Redirects and bot walls: uptime probe redirects and antibot.

4. When to expose a dedicated WebSocket probe URL

Pick one canonical HTTPS URL. Free = one project, one URL — usually GET /health with WS checks inside. Same public origin customers use; response under ~2 seconds.

curl -sS -o /dev/null -w "%{http_code}\n" https://api.example.com/health

Do: set Cache-Control: no-cache and skip JWT on probes. Do not: require auth — monitors send no Authorization header.

Add native WSS monitoring when chat is core revenue. Run it in addition to the sidecar StillOnline checks, not instead.

5. Wire StillOnline HTTP checks and your operator runbook

StillOnline runs GET probes, updates a status page, and alerts after two consecutive failures.

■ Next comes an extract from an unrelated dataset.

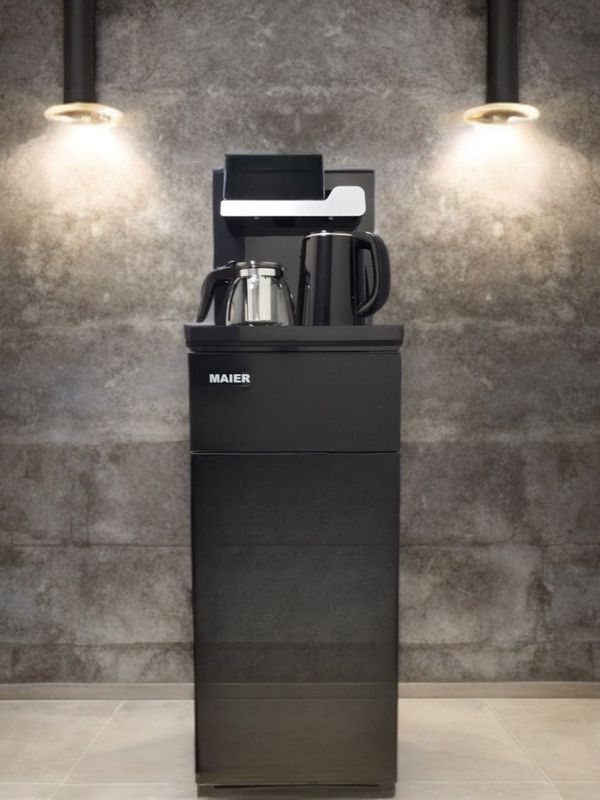 Кулер для воды с чайником Teabar Maier TB-AW-B11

No WebSocket upgrade — register the sidecar HTTPS URL.

  1. Sign in at stillonline.tech/app.
  2. Add checkGET https://api.yourapp.com/health, expect 200.
  3. Label component “Realtime” or “WebSocket” on the status page.
  4. Enable one alert channel on Free (Telegram or email).
  5. Wait 2–3 cycles (~10–15 min) before judging noise.

Do: use the URL that means “realtime is broken.” Do not: paste wss:// into StillOnline.

When an alert fires: confirm sidecar status with curl from a home network, check WS worker process and nginx error log, verify connection limits and cert expiry. REST may stay fully up during WS-only outages.

StillOnline debounces two consecutive failed probes before DOWN. On Free the cadence is about five minutes. Pro ($9/mo) and Ultimate ($29/mo) add more URLs and channels — pricing. Basics: health check quickstart.

What's next

Deploy the WS-aware sidecar, align proxy timeouts with heartbeat interval, register StillOnline on /health, and label the status page component “Realtime.” Rehearse WS DOWN + HTTP UP in staging by stopping only the WS worker while REST stays alive.

Open the StillOnline dashboard, paste your sidecar URL, and enable the alert channel you read during incidents.

Related guides

FAQ

Does StillOnline probe WebSockets natively?

No. StillOnline sends HTTP GET and checks the status code. Use a GET sidecar like /health returning 503 on WS failure. wss:// URLs will not get a handshake probe.

How should indie SaaS work around no native WS probes in StillOnline?

Build GET /health with WS logic (process alive, handshake freshness) and map failure to 503. Free reads status codes only. Add a native WSS monitor for optional layer-3 proof on top.

Why does StillOnline show green while chat is dead?

Your check likely hits REST or landing, not a WS-aware sidecar. Or the sidecar returns 200 when only transport works. Ensure 503 when handshake or heartbeat checks fail.

WS DOWN plus HTTP UP — where do I start?

curl /health from outside. If 503, inspect WS logs and nginx Upgrade config. If 200 but users suffer, suspect proxy ping false greens — strengthen sidecar metrics or add native WSS.

Should I monitor /health or /ws/health in StillOnline?

One canonical URL on Free — usually /health with WS checks folded in. Split paths only with multiple checks on Pro or Ultimate.

When do I need a native WebSocket monitor beyond StillOnline?

When realtime is revenue-critical and you need external WSS handshake proof. Keep StillOnline on the GET sidecar for status pages; add native WSS as a second layer.